→ **Task brief**:
Write out exactly, and only, the lines below from the line with "Capture Every Adventure" through the line with "Lactoserum pack 2"; pictures do not belong in the copy.

→ **Record excerpts**:
Content starts

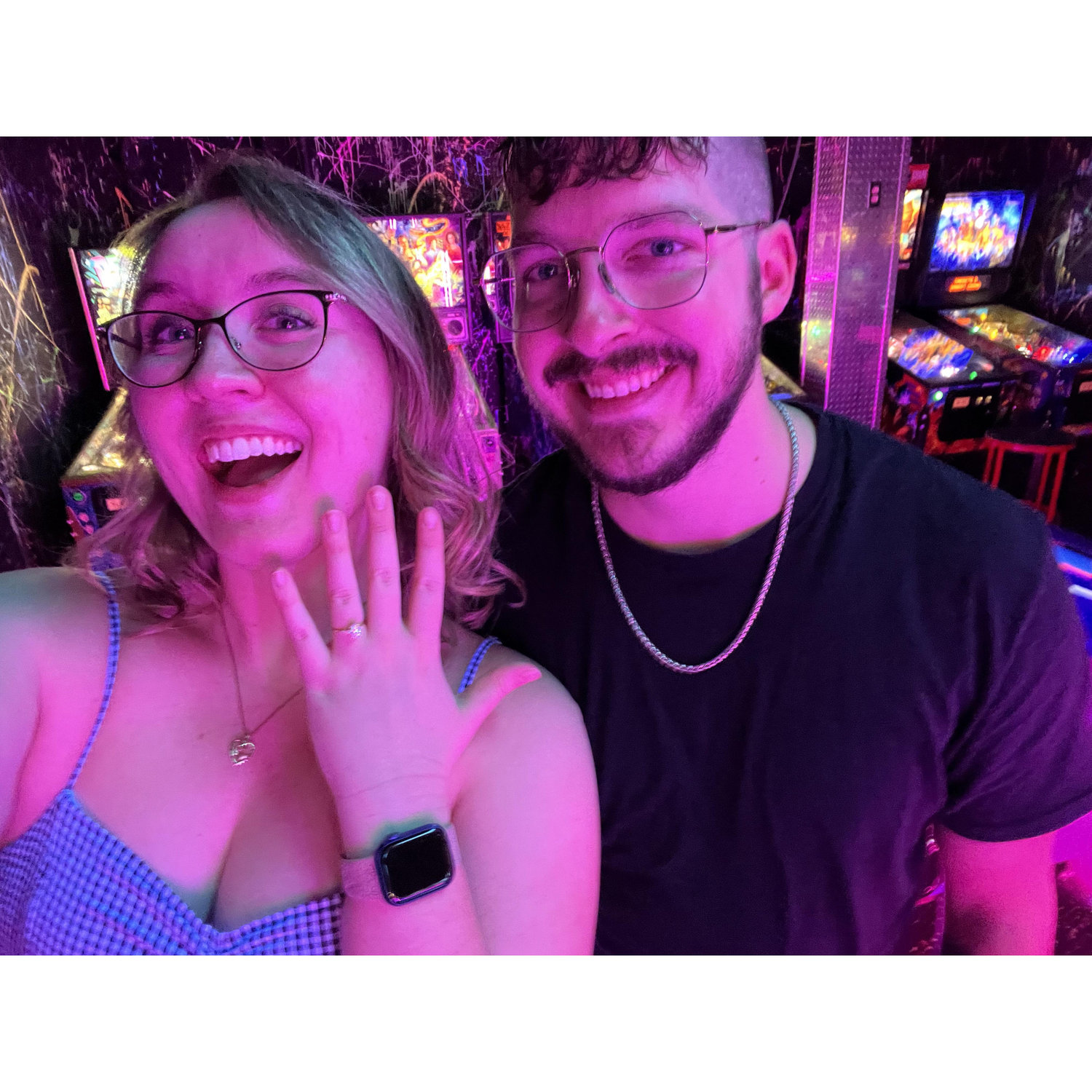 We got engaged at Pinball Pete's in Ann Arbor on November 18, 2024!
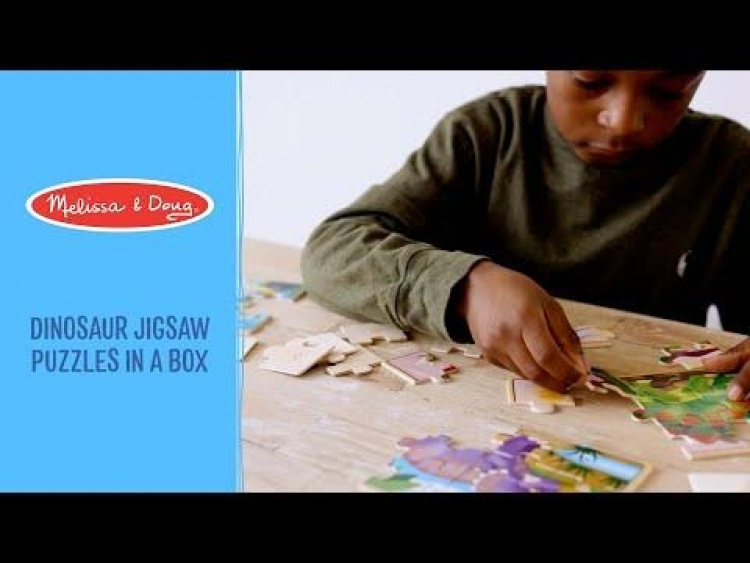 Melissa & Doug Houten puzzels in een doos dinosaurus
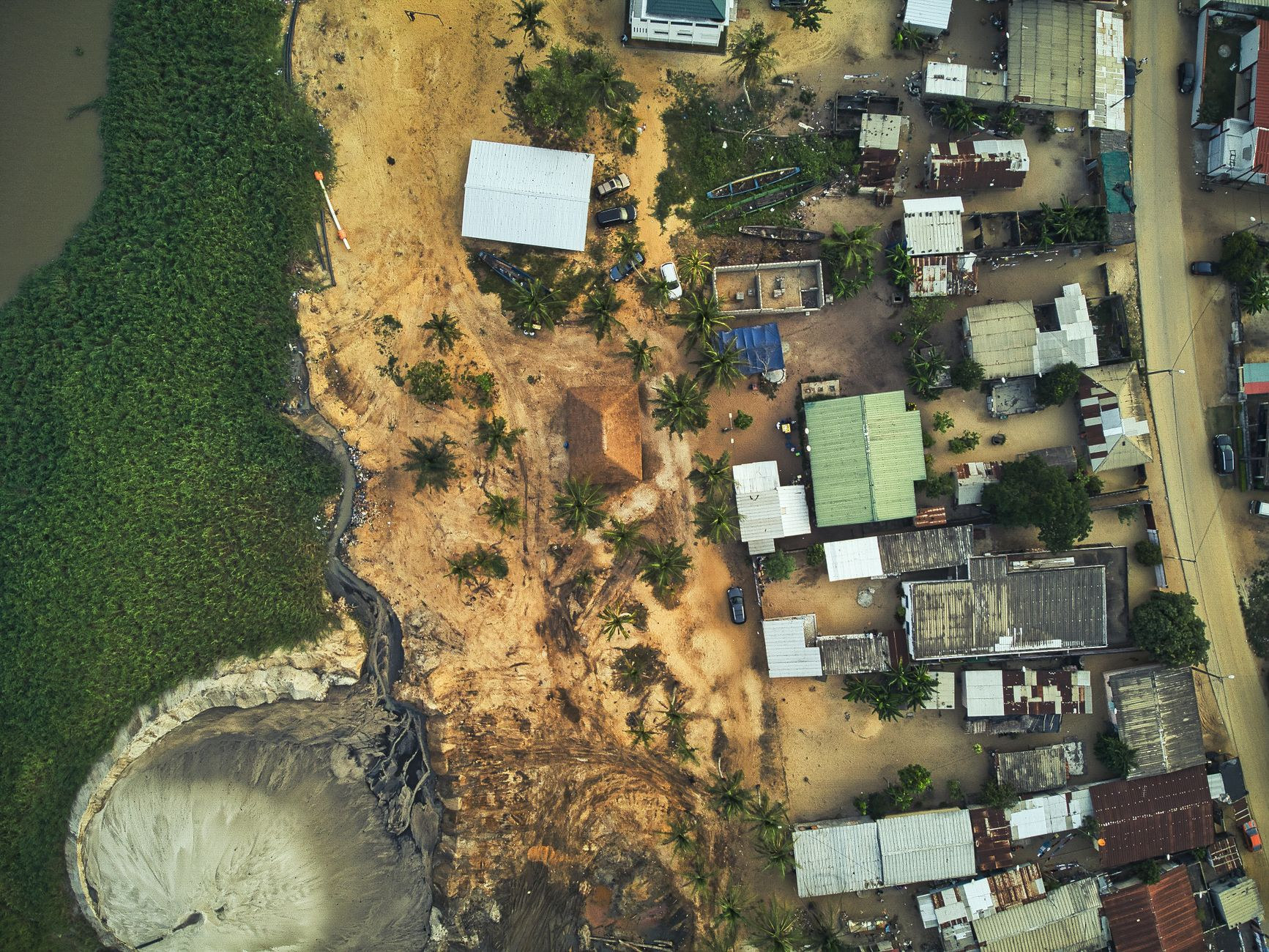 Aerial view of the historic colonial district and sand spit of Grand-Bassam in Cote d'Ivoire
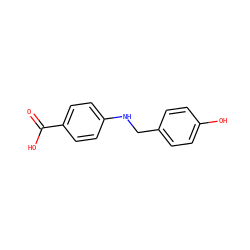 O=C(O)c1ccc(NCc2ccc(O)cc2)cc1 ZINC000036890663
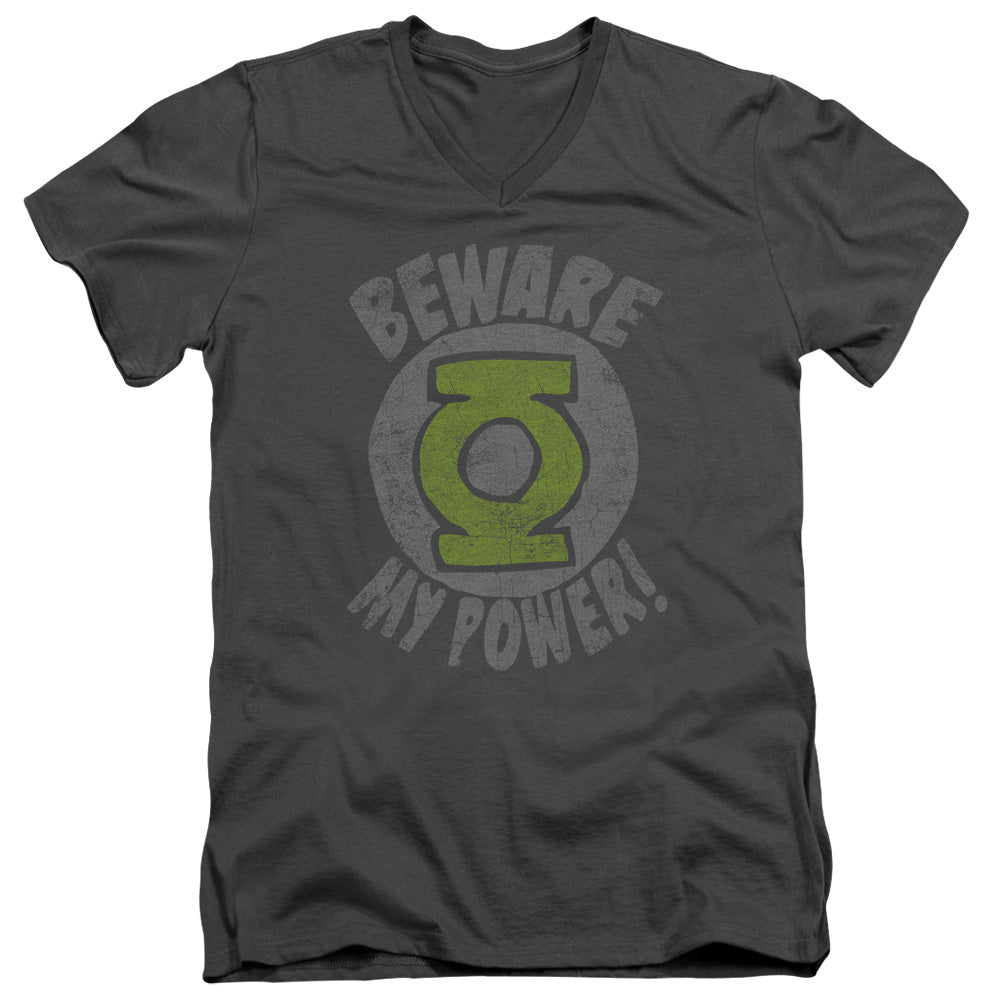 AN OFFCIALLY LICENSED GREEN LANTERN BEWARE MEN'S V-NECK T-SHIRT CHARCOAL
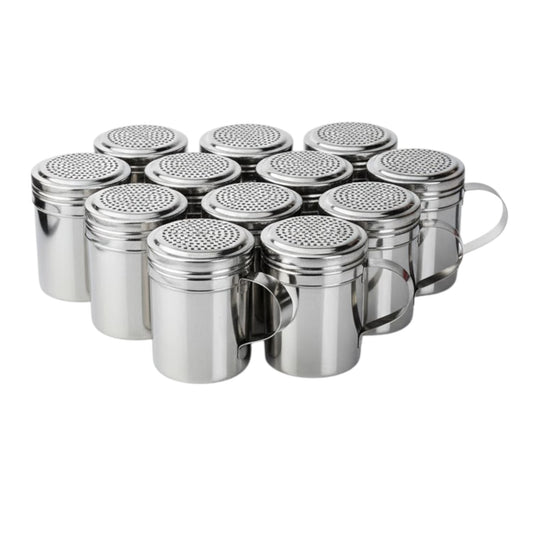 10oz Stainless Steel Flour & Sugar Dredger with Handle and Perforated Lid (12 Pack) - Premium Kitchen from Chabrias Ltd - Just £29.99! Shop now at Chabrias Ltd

Content ends
Content starts

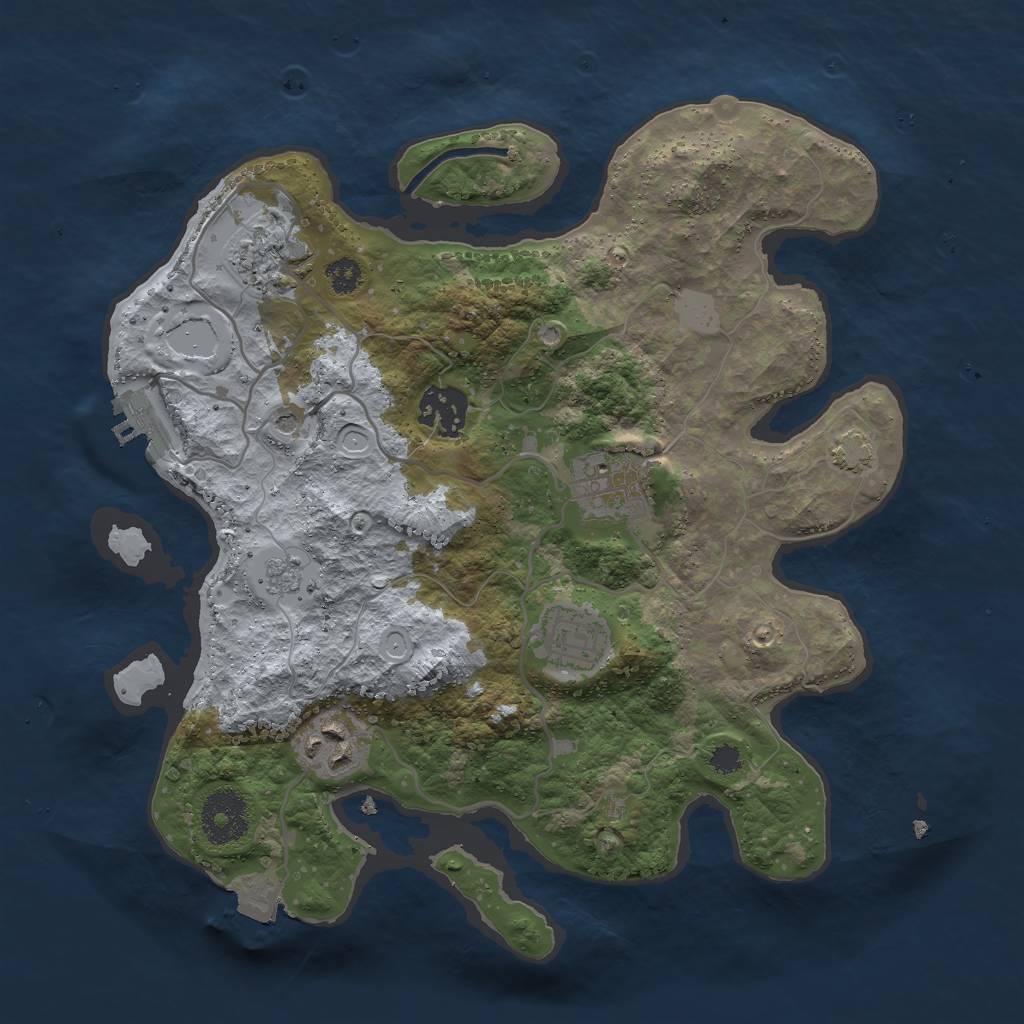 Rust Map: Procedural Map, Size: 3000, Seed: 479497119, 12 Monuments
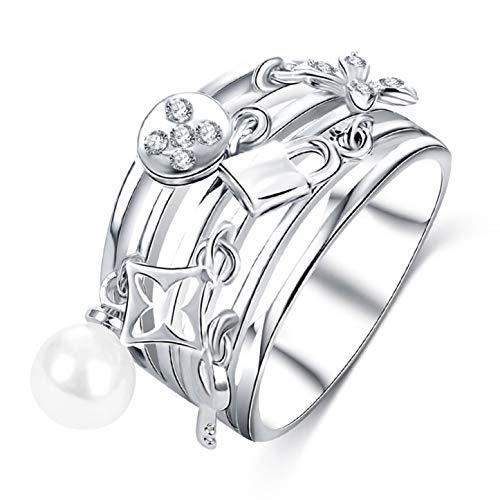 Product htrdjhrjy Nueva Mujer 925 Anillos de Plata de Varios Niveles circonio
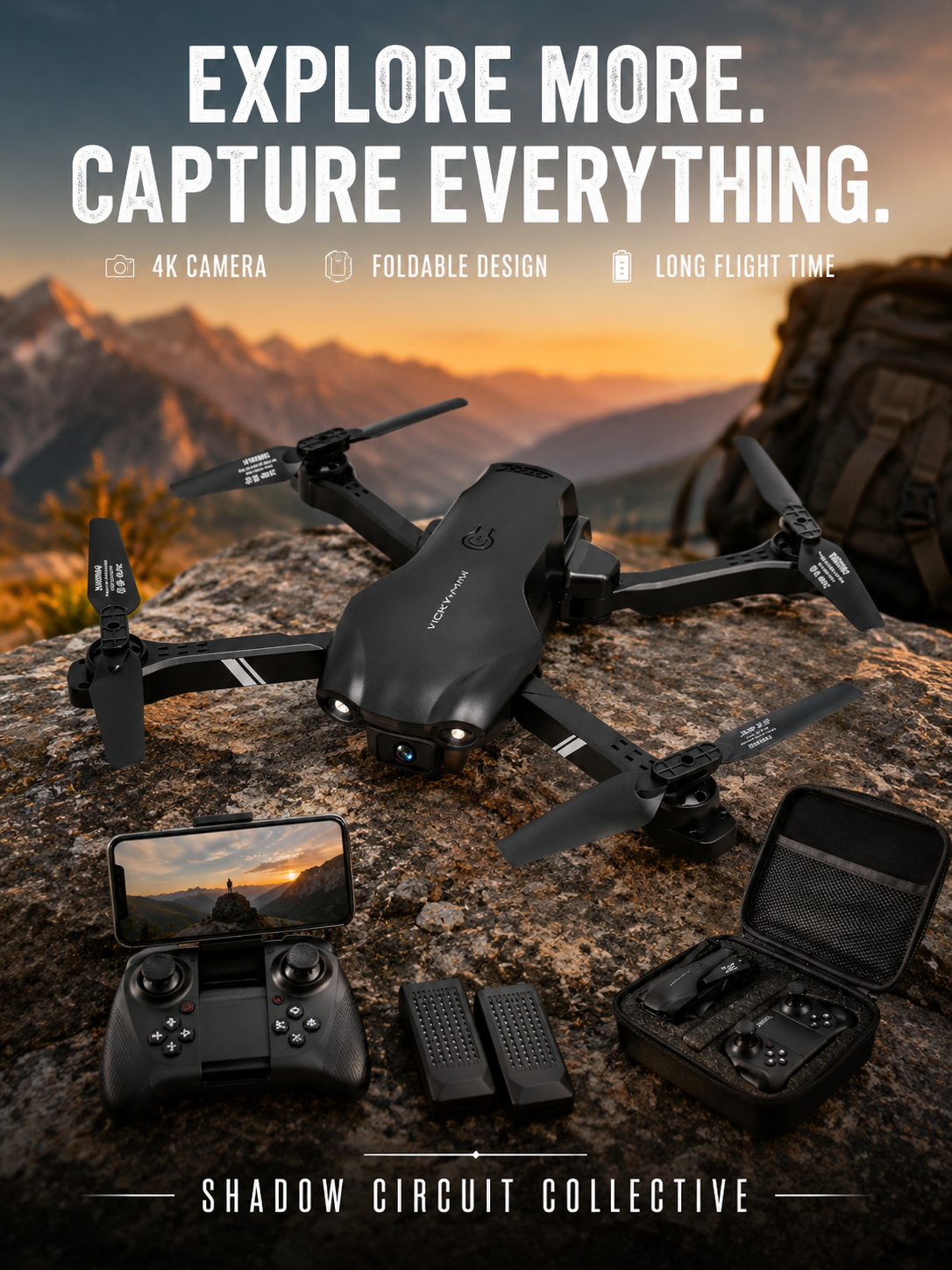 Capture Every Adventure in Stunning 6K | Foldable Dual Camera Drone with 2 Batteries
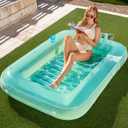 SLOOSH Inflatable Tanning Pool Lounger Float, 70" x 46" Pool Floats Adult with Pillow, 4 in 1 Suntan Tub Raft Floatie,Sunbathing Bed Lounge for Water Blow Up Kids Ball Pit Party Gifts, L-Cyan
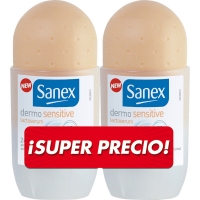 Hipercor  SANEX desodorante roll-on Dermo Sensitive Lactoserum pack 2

Content ends
Content starts

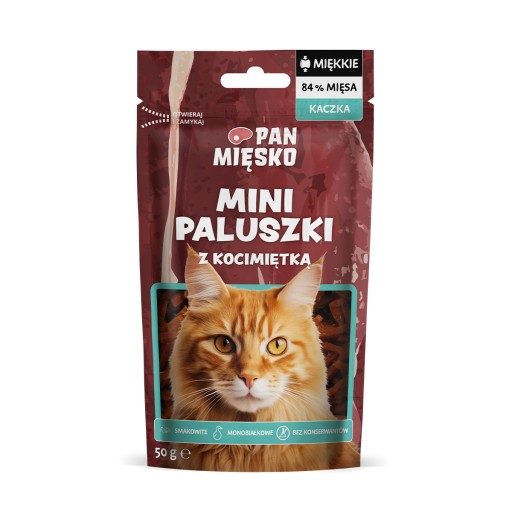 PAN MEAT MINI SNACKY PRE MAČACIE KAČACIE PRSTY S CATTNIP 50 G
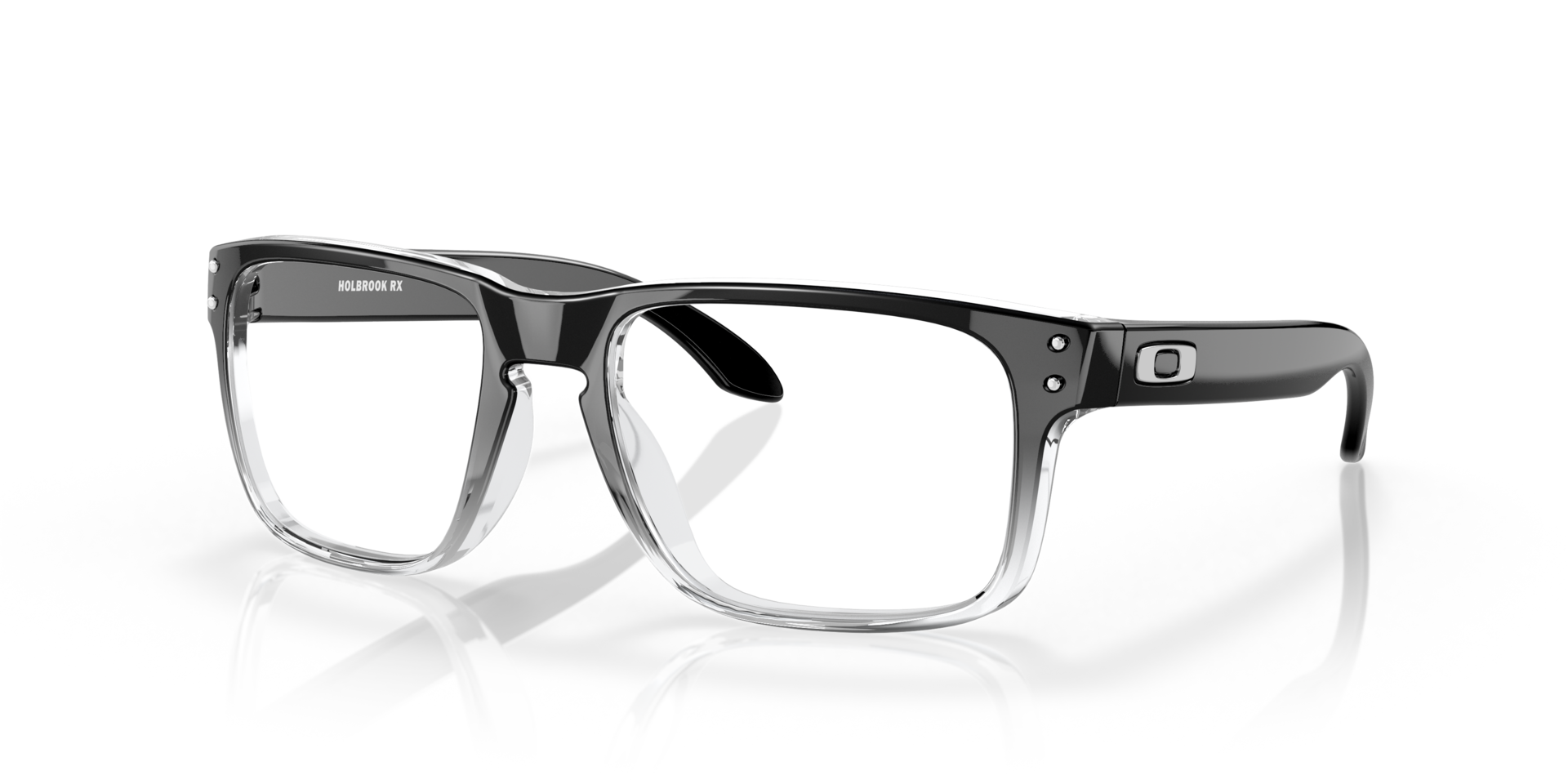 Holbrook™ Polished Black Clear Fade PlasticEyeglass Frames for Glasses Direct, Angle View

Content ends

→ **Completed task**:
 Capture Every Adventure in Stunning 6K | Foldable Dual Camera Drone with 2 Batteries
 SLOOSH Inflatable Tanning Pool Lounger Float, 70" x 46" Pool Floats Adult with Pillow, 4 in 1 Suntan Tub Raft Floatie,Sunbathing Bed Lounge for Water Blow Up Kids Ball Pit Party Gifts, L-Cyan
 Hipercor  SANEX desodorante roll-on Dermo Sensitive Lactoserum pack 2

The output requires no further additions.